The other team members, Autumn Allen, Tremayne Kaseman, William Li and John Stretton, recently earned their degrees in mechanical engineering from Rice. Their adviser is Andrew Dick, assistant professor of mechanical engineering.

Currently, the Air Force simulates deceleration by firing cannons into walls. The strategy is expensive and the sensor module and target are typically destroyed in the process. Team CADET's goal was to sustain deceleration for at least 10 milliseconds, and without destruction. They machined a cylinder of aircraft-gauge aluminum and sealed a digital accelerometer inside. Next, they built a 14-foot wooden frame to hold a track fashioned from angle iron.
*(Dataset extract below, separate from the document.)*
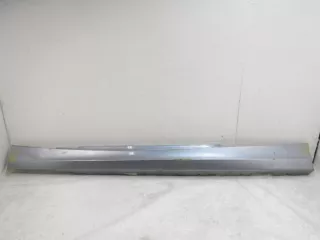 51777046347 Накладка на левый порог BMW 1 E81/E82/E87/E88 Арт 2220985_2, вид 1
On one end, they attached a slingshot made from surgical tubing; on the other, above the track, they fitted a 20-gallon fish tank with transparent plastic. Into the bottom of the tank they drilled a line of 40 holes and sealed them with a removable rubber sheet.

When the cylinder holding the accelerometer is fired with the slingshot, reaching a maximum velocity of about 50 miles per hour, the sheet is pulled off and the water is released from the tank. The falling water slows the cylinder, and the rate of deceleration is measured and recorded on the digital device. The cylinder and its contents remain undamaged and the test can be repeated indefinitely.

"Nothing is destroyed. You just fill the tank with water again and reload the slingshot," said Eddy, who stressed that the prototype can be scaled to any size.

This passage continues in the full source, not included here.